Conceived by researcher Baz Dreisinger and artist Hank Willis Thomas, The Writing on the Wall project has rocked large cities around the world. In June, the American capital Washington hosted the show, which takes place at night in large public buildings, such as museums and the United States Department of Justice. Thomas projects writings, poems and testimonies from prisoners from around the globe. The Washington event was accompanied by a live broadcast on the Incarceration Nations Network’s Instagram page and was attended by the Humanitas360 Institute. Janaina Reis, project manager for H360, commented on the situation of the pandemic in Brazil and in Brazilian prisons. Watch below:
H360 took the opportunity to send some questions to Baz Dreisinger, founder of the Incarceration Nations Network, an international network of projects related to mass incarceration of which we are part of. “We want to take budgets out of militarized policing and corrections, that do not make us safer, and invest in communities, in true public safety, in education, health care, all kinds of needs in communities. I think that’s the message that is relevant, not just in the US but around the world,” she says. Watch the video below:
Could you explain a little more to the Brazilian public about the “Writings on the Wall” project? How did you conceive it?
Greetings! I’m doctor Baz Dreisinger, executive director of the Incarceration Nations Network. So, first to share, the “Writings on the Wall” Project is a 7 year old project that is about to amplify the voice of those directly impacted by mass incarceration all around the world. Our installation, a collaboration between INN and the incredible artist Hank Willis Thomas and various other organizations who support us and what we do is take writings and drawings and notes by people in prison from all around the world and project them in public spaces. We’ve done this in a physical sense in some cities in the US – we did it on the High Line Park, in New York City, where there was a collapsible booth made of writings by people in prison around the world, that people could read, engage with, take a tour with a formerly incarcerated leader, who would share about personal experience and also ideas about police change. We used it as a way to elevate those voices, to get the conversation going, and also to elevate the work of people fighting against mass incarceration all around the world and our partners at the Incarceration Nations Network and the incredible work they’re doing. Currently, the Writing on the Wall has turned into a projection that we are projecting at night at cities in the US and soon internationally, as a way of saying that we need to pay attention to prisons in this crises.

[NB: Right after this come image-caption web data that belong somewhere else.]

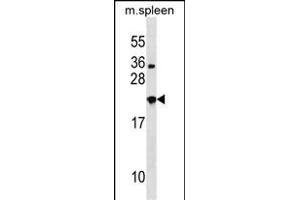 NXPH3 Antibody (N-term) (ABIN1538969 and ABIN2848564) western blot analysis in mouse spleen tissue lysates (35 μg/lane).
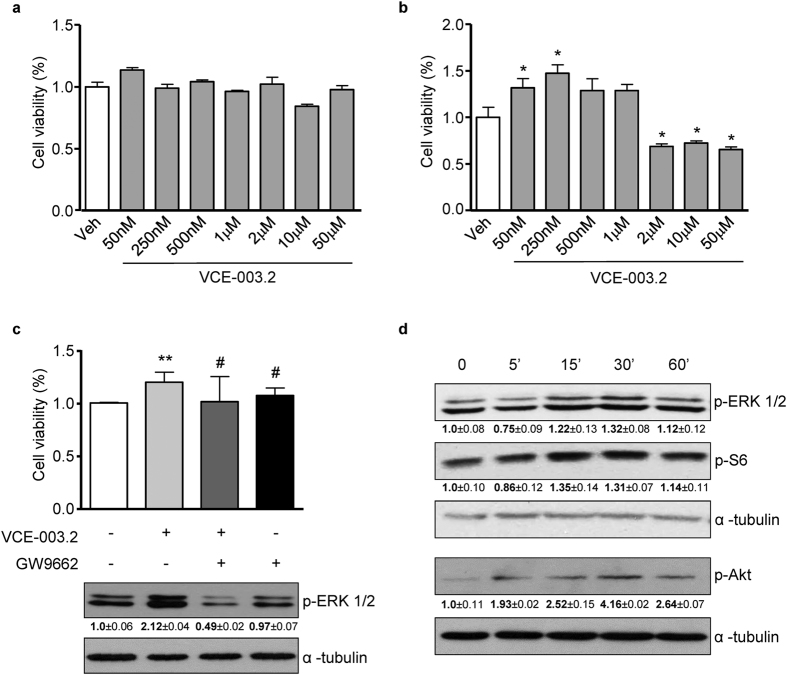 Prosurvival effect of VCE-003.2 in hippocampal neural progenitor HiB5 cells.(a,b) HiB5 cells in proliferative and differentiation conditions respectively were incubated with increasing concentrations of VCE-003.2 and cell viability was assessed using the MTT test after 48 h. (c) Cell viability and ERK1/2 phosphorylation status (activation) was determined in VCE-003.2-treated cells in the absence or presence of GW9662 (5 μM). (d) VCE-003.2 time-dependent regulation of the ERK, Akt and mTORC1 signaling pathways were determined by incubation with anti-phospho-ERK, phospho-Akt and phospho-S6 antibodies. Loading control was performed with α-tubulin antibody. Representative western blots and densitometry quantification of three independent experiments are shown. Values are expressed as means ± S.D. *p < 0.05; **p < 0.01 vs. Vehicle; #p < 0.05 vs. VCE-003.2.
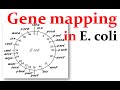 Bacterial Conjugation - Hfr, f prime and f plasmid - YouTube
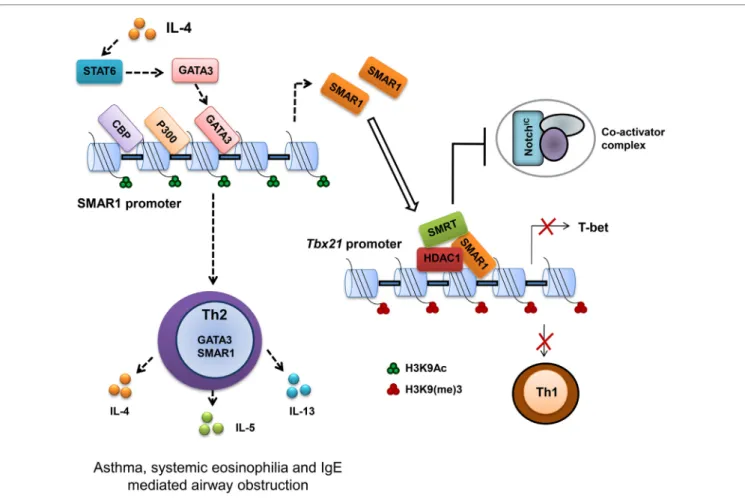 FiGURe 2 | Scaffold matrix attachment region-binding protein 1 (SMAR1) deficiency causes defective Th2 response both in vitro and in vivo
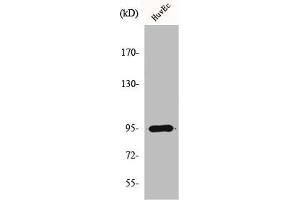 Western Blot analysis of A549 cells using HURP Polyclonal Antibody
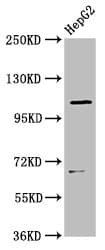 Polyclonal Rabbit anti-Human LRIG2 Antibody (IF, WB)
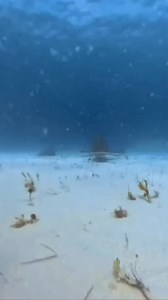 Hammerhead shark attack😲 #fbreelsvideo #viral #hammerheadshark #viralreels #RenzSpearfishing | Renz Spearfishing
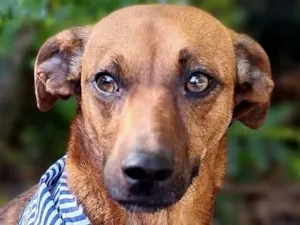 Cachorro raça SRD-ViraLata idade 7 a 11 meses nome SCOOBY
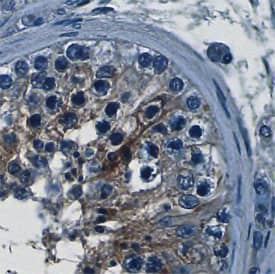 Immunohistochemistry VSIG1 Antibody (771506) [Unconjugated]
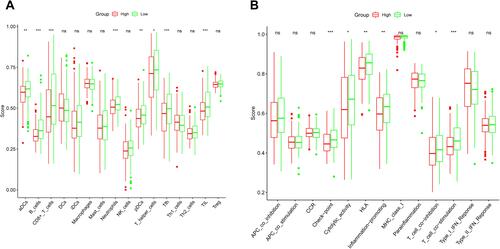 Figure 7 The comparison of the ssGSEA scores for the immune cells and immune pathways in the TCGA cohort. (A) The comparison of the enrichment scores of 16 types of immune cells between the high- and low-risk groups. (B) The comparison of the enrichment scores of 13 immune-related pathways between the high- and low-risk groups. Adjusted P values were showed as: *P < 0.05; **P < 0.01; ***P < 0.001.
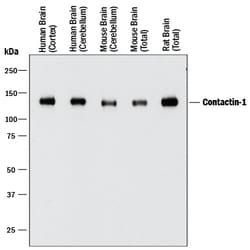 Human/Mouse/Rat Contactin-1 Antibody, R D Systems 25&mu;g; Unlabeled:Antibodies,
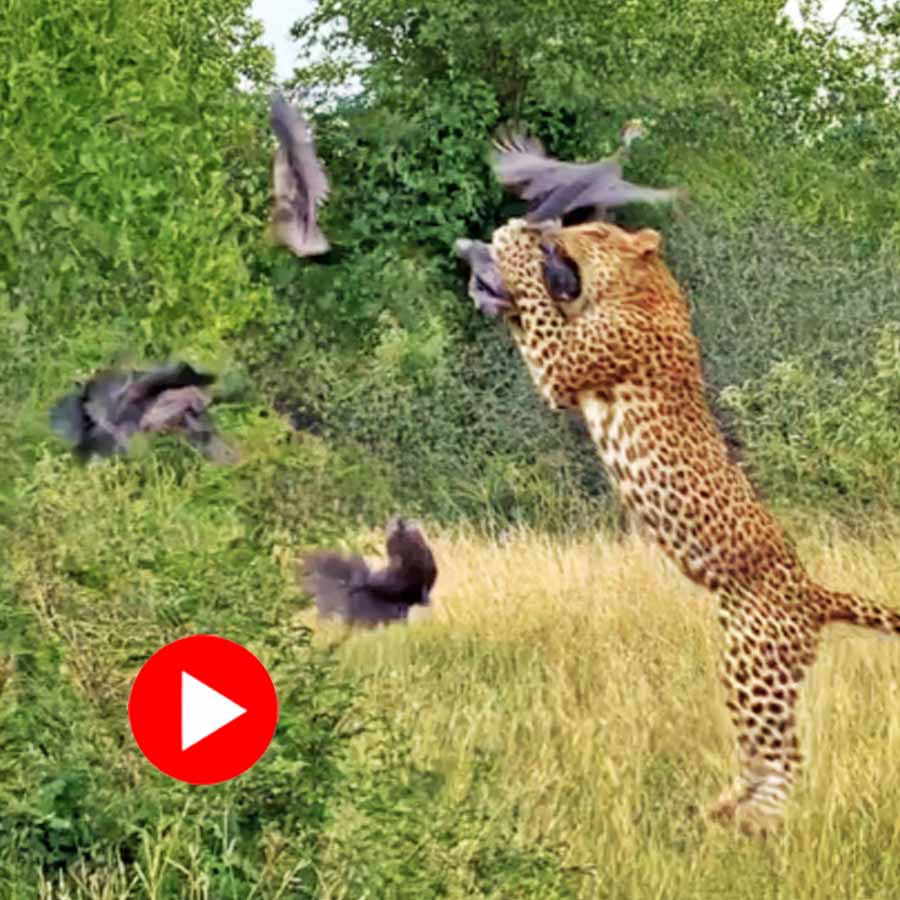 Video of leopard catching bird in Timbavati game reserve South Africa goes viral dgtl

How is the situation of the pandemic in US prisons?
Covid is a pandemic in the prisons around the world. Here in US we have over 56.000 cases in the prisons and more than 650 deaths. And the releases from prisons in the face of this have not been nearly enough. It’s critical that that happen, we’re advocating it in face of the pandemic but we’re also advocating it simply in the face of wanting to #DefundthePrisons. We want to take budgets out of militarized policing and corrections, that do not make us safer, and invest in communities, in true public safety, in education, health care, all kinds of needs in communities. I think that’s the message that is relevant, no just in the US but around the world. Defund the prisons, invest in communities.
Do you know about any countries that have taken serious measures about the pandemic and the situation in prisons?
As far as the pandemic itself that has been some radical moves taken by various countries. I recently spoke with one of our INN partners in India and I was told that 70 to 80 thousand people have been released – that is almost a quarter of the entire prison population, which is excellent. Other countries like Iran and Turkey had responded in kind. but are they going to continue to desincarcerate? Even on the other side of this pandemic, whatever it looks like, it’s critical that they do that. That they invest in alternatives to incarceration programs, also. That they invest in reentry and reintegration. In the face of the pandemic it’s really a double crisis. Wheeen the pandemic happens it’s much difficult. So we need governments around the world to invest in reentry and reintegration, as well as healthcare and other kinds of support and programs that keeps people of being funneled directly into prisons to begin with. These are the messages we’re trying to convey with the Writing on the Wall in Ohio this friday, and then Mexico City the week after that, and we’re looking forward to it.
The situation in the US with the protests and anti-racism wave really resonates here in Brazil. In the quarantine time Sao Paulo’s police killed one person every six hours, on average, mostly black people. How is this situation of structural racism connected to mass incarceration? Do you see similarities between our two countries?